Machine vision systems capture images with a digital camera (or multiple cameras), processing this data on a frame-by-frame basis. The robot uses this interpreted data to interact with the physical world via a robotic arm, mobile agricultural system, automated security setup, or any number of other applications.
Computer vision became prominent in the latter part of the twentieth century, using a range of hard-coded criteria to determine simple facts about captured visual data. Text recognition is one such basic application. Inspection for the presence of component x or the size of hole y in an industrial assembly application are others. Today, computer vision applications have expanded dramatically by incorporating AI and machine learning.
Importance of machine vision
While vision systems based on specific criteria are still in use, machine vision is now capable of much more, thanks to AI-based processing. In this paradigm, robot vision systems are no longer programmed explicitly to recognize conditions like a collection of pixels (a so-called “blob”) in the correct position. A robot vision system can instead be trained with a dataset of bad and good parts, conditions, or scenarios to allow it to generate its own rules. So equipped, it can manage tasks like unlocking a door for humans and not animals, watering plants that look dry, or moving an autonomous vehicle when the stoplight is green.

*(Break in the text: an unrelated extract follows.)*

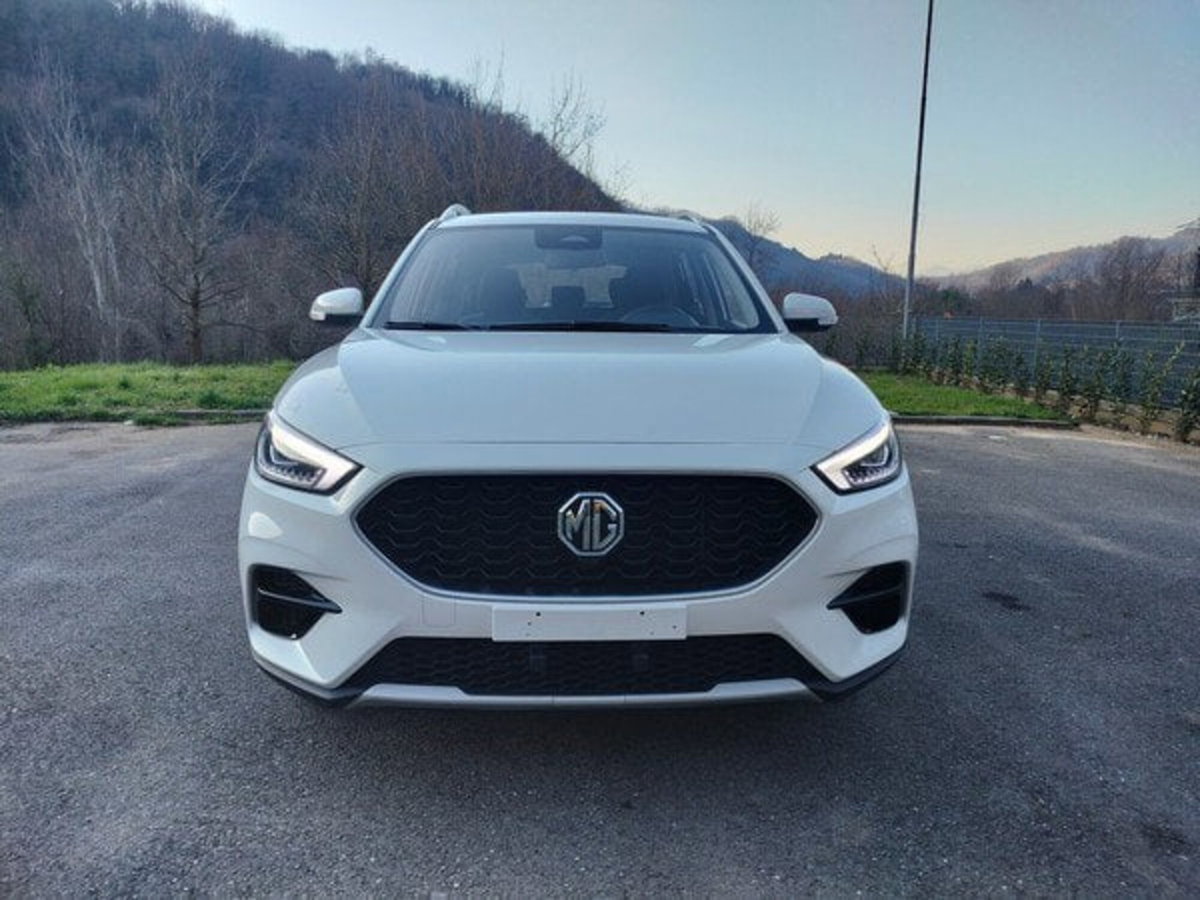 Mg ZS ZS 1.5 Luxury (2)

While we can use cloud-based computing to train an AI model, for real-time decision-making, edge processing is typically preferable. Processing robotic vision tasks locally can reduce latency and means that you are not dependent on cloud infrastructure for critical tasks. Autonomous vehicles provide a great example of why this is important, as a half-second machine vision delay can lead to an accident. Additionally, no one wants to stop driving when network resources are unavailable.

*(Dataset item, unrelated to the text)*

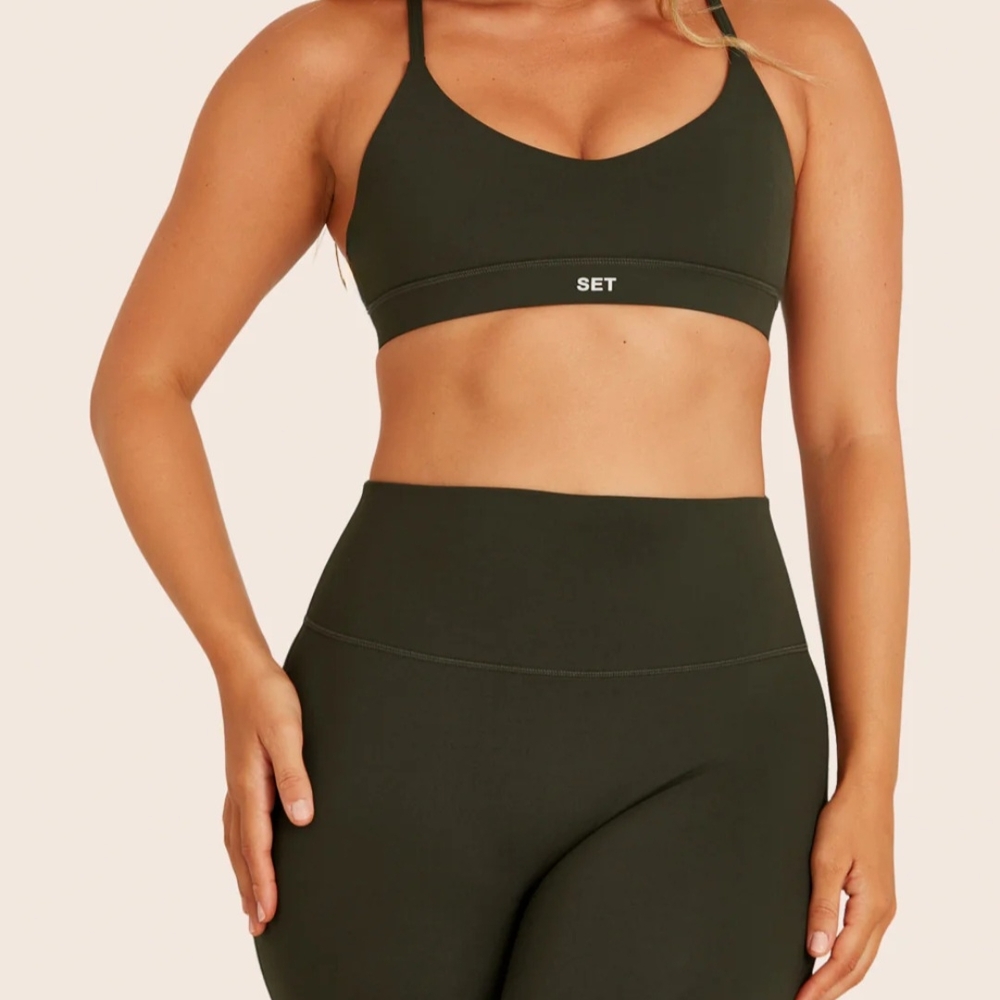SET Active Women's Cross V Sports Bra - Size Medium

Cutting-edge robotic vision technologies: multi-camera, 3D, AI techniques
While one camera allows the capture of 2D visual information, two cameras working together enable depth perception. For example, the NXP i.MX 8 family of processors can use two cameras at a 1080P resolution for stereo input. With the proper hardware, multiple cameras and camera systems can be integrated via video stitching and other techniques. Other sensor types, such as LIDAR, IMU, and sound, can be incorporated, giving a picture of a robot’s surroundings in 3D space and beyond.
The same class of technology that allows a robot to interpret captured images also allows a computer to generate new images and 3D models. One application of combining these two sides of the robotics vision coin is the field of augmented reality. Here, the visual camera and other inputs are interpreted, and the results are displayed for human consumption.
How to get started with machine vision
We now have a wide range of options for getting started with machine vision. From a software standpoint, OpenCV is a great place to start. It is available for free, and it can work with rules-based machine vision, as well as newer deep learning models. You can get started with your computer and webcam, but specialized industrial vision system equipment like the Jetson Nano Developer Kit or the Google Coral line of products are well suited to vision and machine learning. The NVIDIA Jetson Orin NX 16GB offers 100 TOPS of AI performance in the familiar Jetson form factor.
Companies like NVIDIA have a range of software assets available, including training datasets. If you would like to implement an AI application but would rather not source the needed pictures of people, cars, or other objects, this can give you a massive head start. Look for datasets to improve in the future, with cutting-edge AI techniques like attention and vision transformers enhancing how we use them.
Robot vision algorithms
Robots see via the constant interpretation of a stream of images, processing that data via human-coded algorithms or interpretation via an AI-generated ruleset. Of course, on a philosophical level, one might flip the question and ask, “How do robots see themselves?” Given our ability to peer inside the code—as convoluted as an AI model maybe—it could be a more straightforward question than how we see ourselves!